Semelhago v. Paramadevan
Traditionally, the standard common law remedy in the case of a Seller’s default on a real estate transaction was “specific performance”. The Court would grant title to the Buyer. In part it was based upon the premise that all real estate was unique and in the 15th century it certainly would be.
However, the Supreme Court of Canada made some changes to the common law in 1996. In Semelhago v. Paramadevan, the Court decided that damages which is the usual “go to” remedy would work equally well in many real estate cases.
The reason for the change in thinking was that so many properties were very much the same as so many other properties. Developers were now into “cookie-cutter” production of housing.
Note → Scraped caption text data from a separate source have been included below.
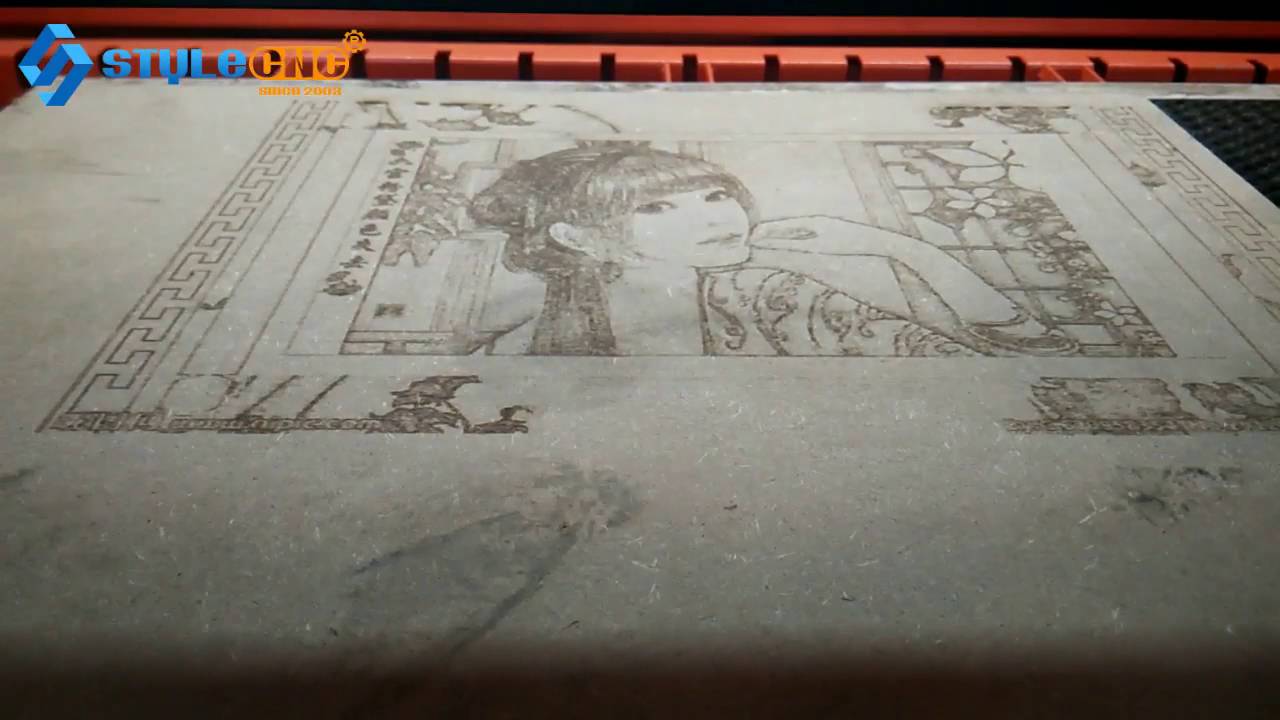 木制工藝品的自動(dòng)激光雕刻照片和圖案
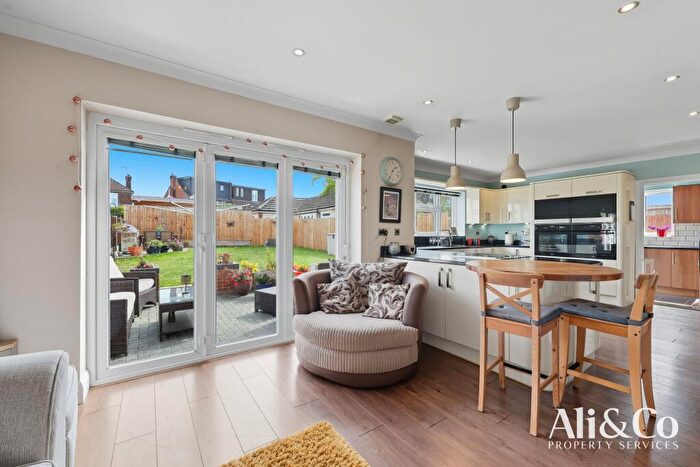 5 Bedroom Bungalow For Sale In Stanford Road, Grays, RM16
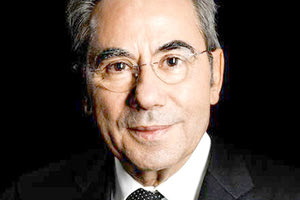 O καθηγητής Δρ. Βασίλειος Φθενάκης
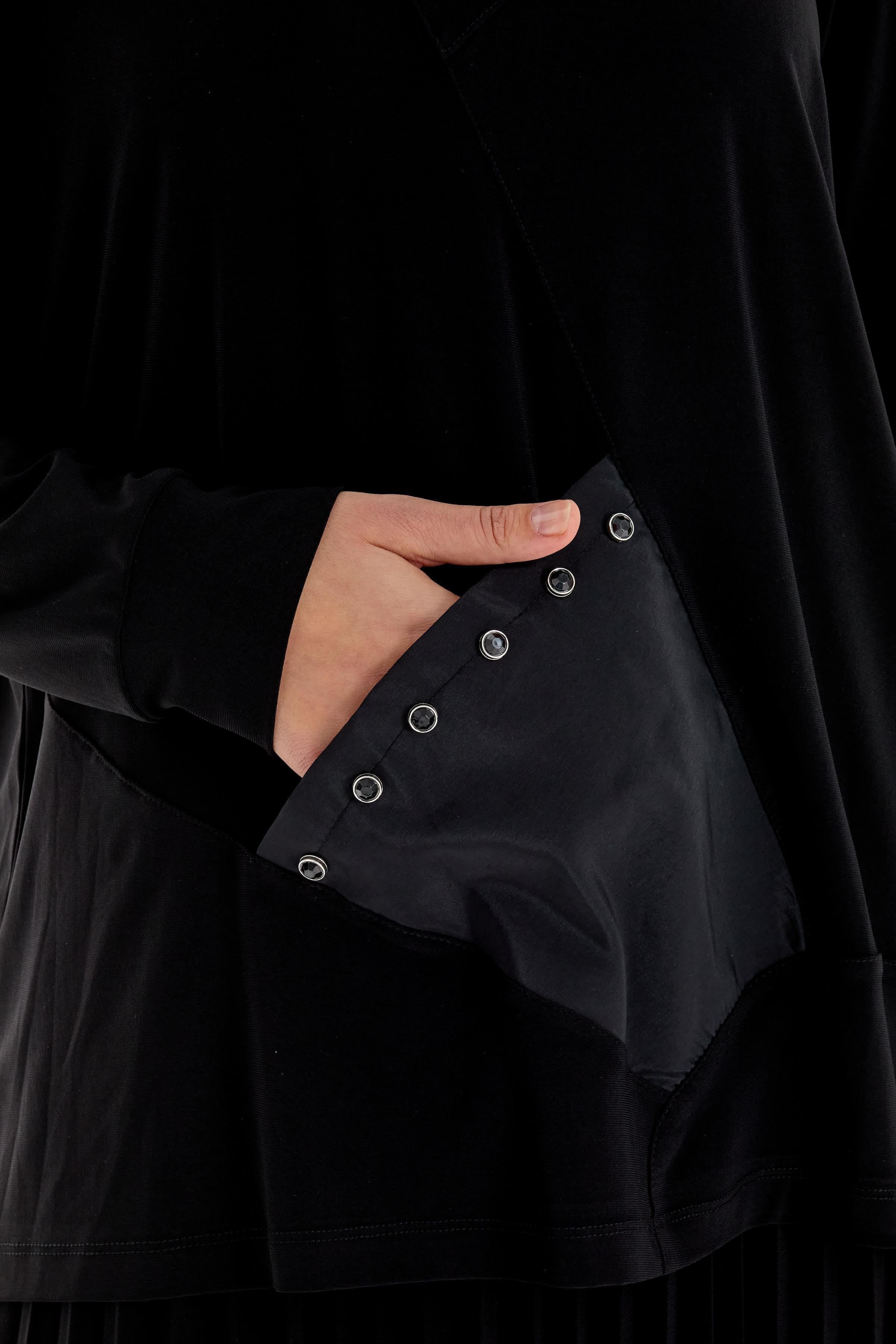 Cebi Garnili Bluz Etek Takım - Siyah TUGBA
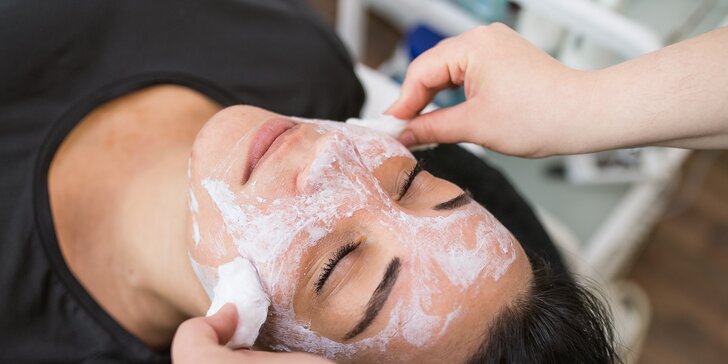 Relaxačné ošetrenia tváre a levanduľové či čokoládové masáže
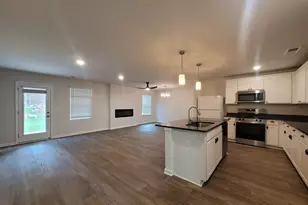 220 River Meadow Dr, Lagrange, GA 30241 - Photo 2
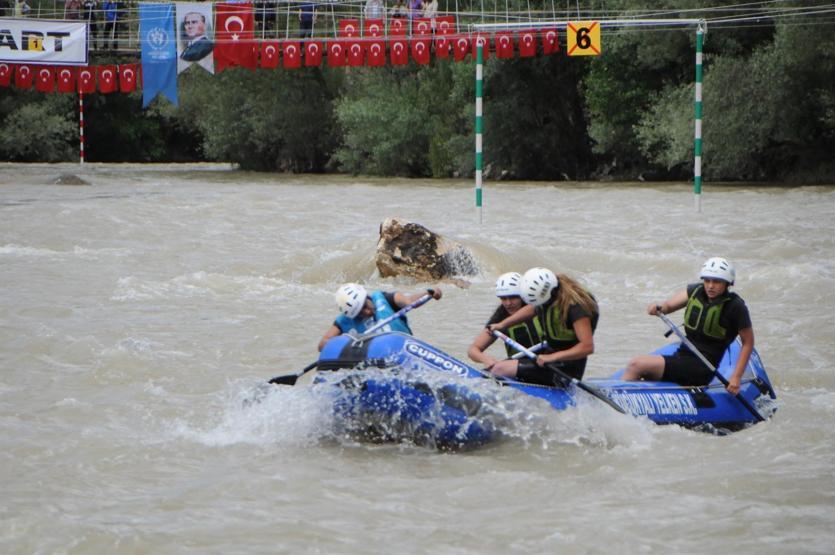 Türkiye Rafting Şampiyonası Tuncelide başladı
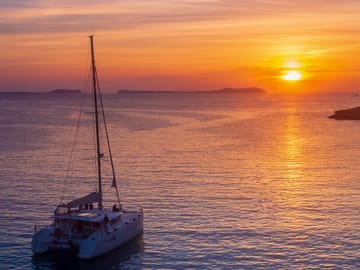 Turtle Beach Boat Tour & Mud Bath & Thermal Pool in Marmaris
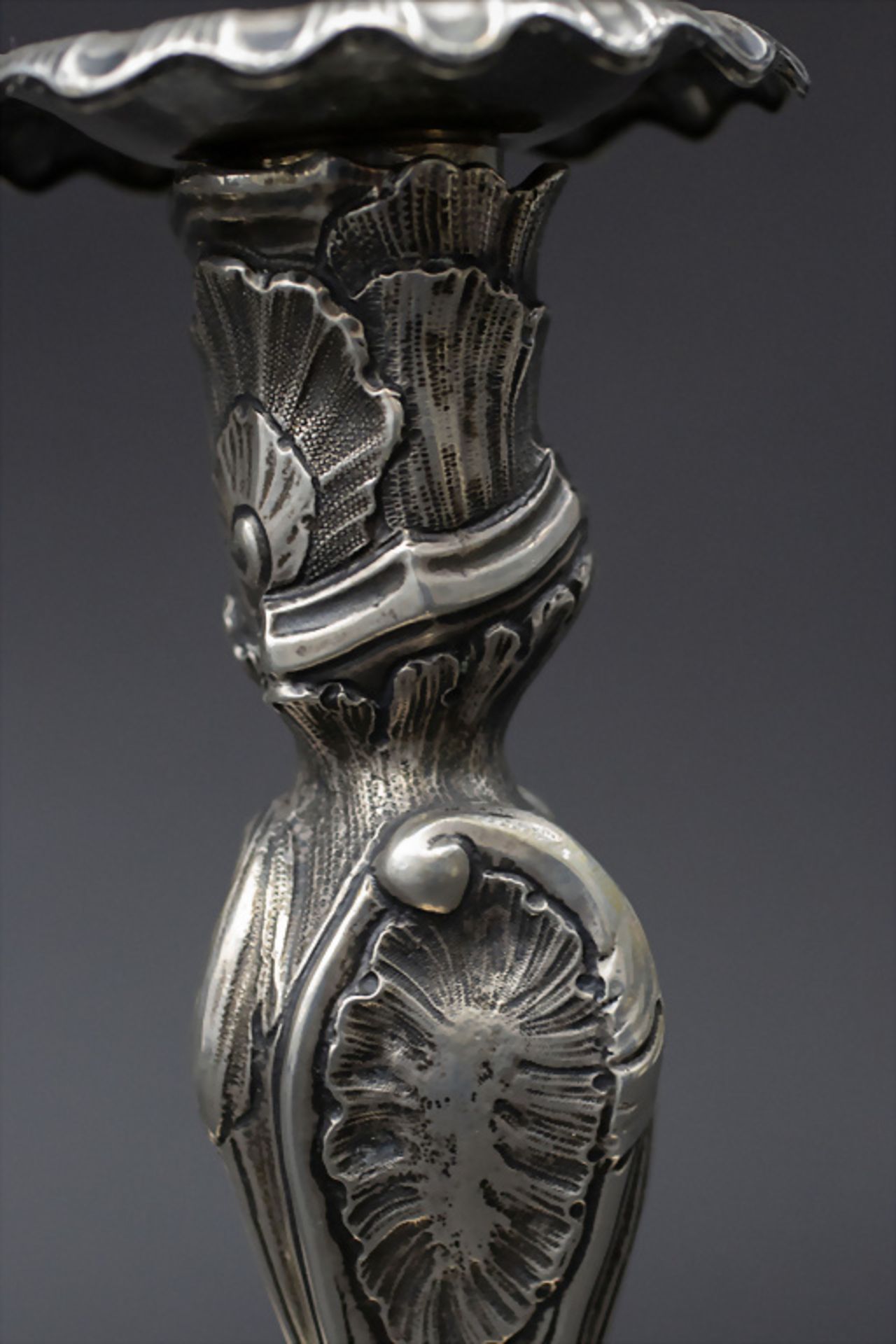 Paar Rokoko Kerzenleuchter / A pair of Rococo silver candlesticks, Johann Wilhelm Dammann, ... - Image 4 of 8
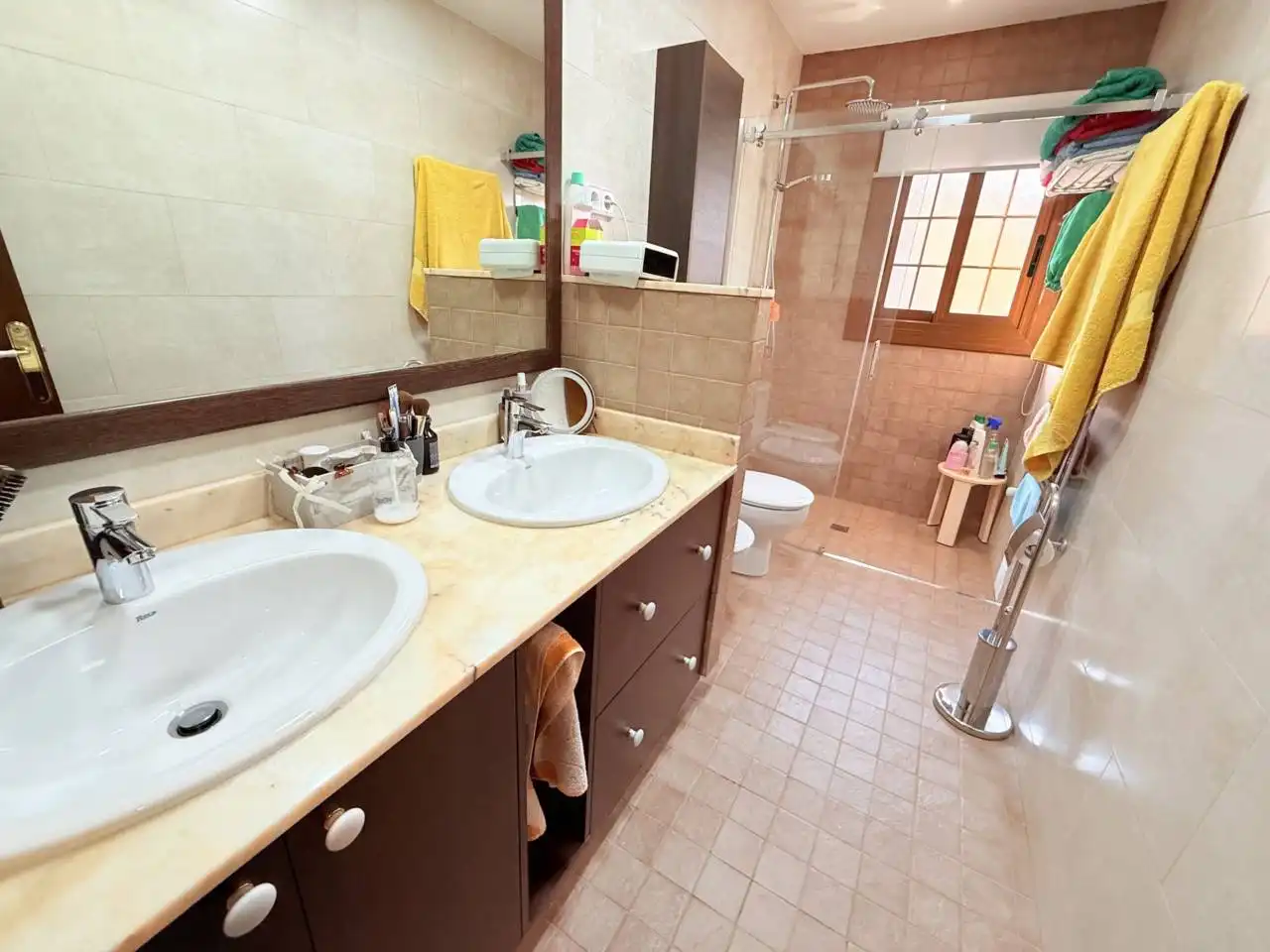 Bathroom of Houses for sale in Riells i Viabrea  with Air Conditioner, Heating and Private garden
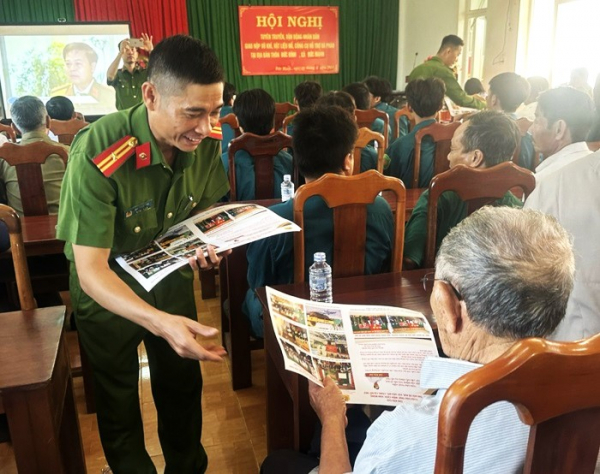 Công an Đắk Nông thu hồi hàng trăm khẩu súng, bom, mìn -0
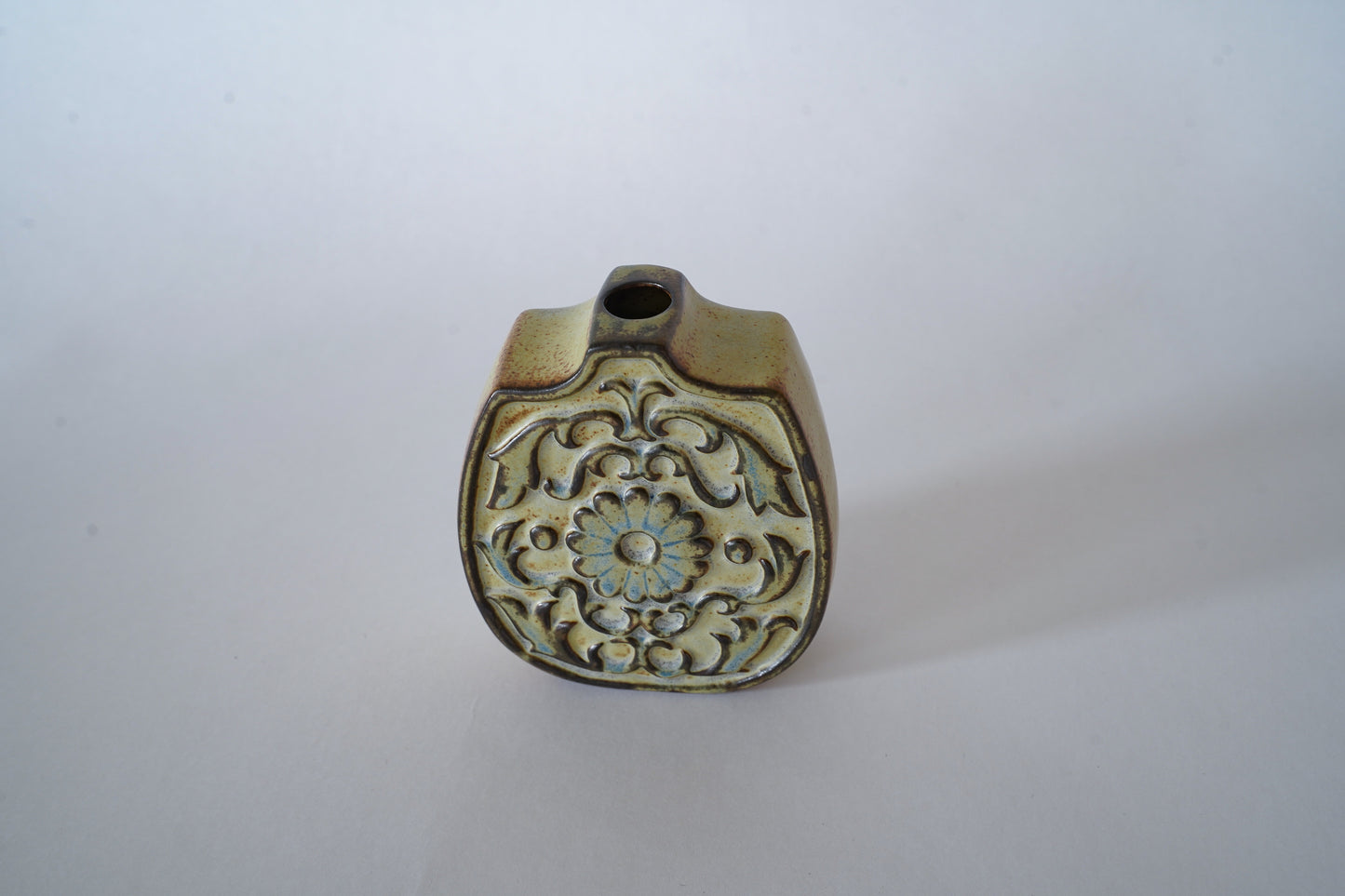 arabesque（rounnd）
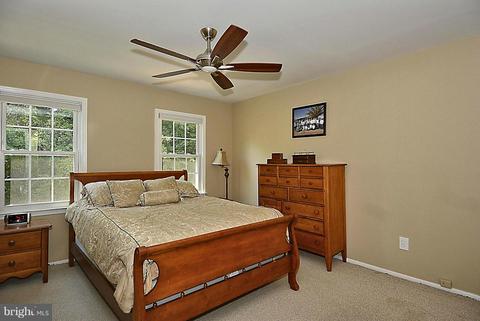 5216 Lonsdale Dr, Springfield, VA 22151 photo 13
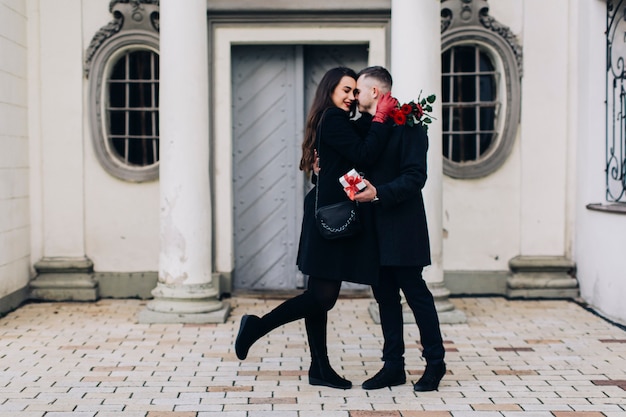 Free photo romantic gentle couple in holidays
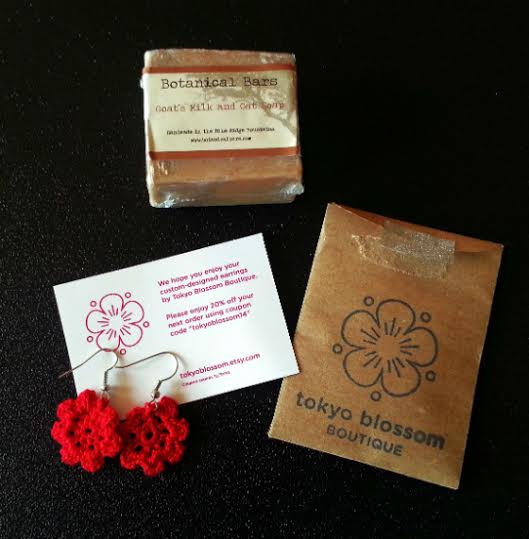 Dottie Box Mini Subscription Box Review – November 2014 Earrings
If the Buyer is seeking specific performance they will have to prove to the Court that:
- the property was “unique” , and
- damages would not be an adequate remedy.
The rationale is that the Buyer can purchase almost the same house down the block in the same subdivision, so the Buyer should sue for damages, being the difference in cost and the cost of any improvements to equalize the two properties.
The legal system would not be tied up with the case for a long period of time, and the Buyer would have his remedy sooner.
What do we mean, if a property is unique?
- the physical nature of the property;
- the subjective needs of the Buyer; and
- the “transactional” characteristics – whether the deal contains particularly advantageous terms.
Will damages be sufficient? Will damages adequately compensate the Buyer?
Those are the two tests which must be met in order to satisfy the Semelhago criteria for specific performance.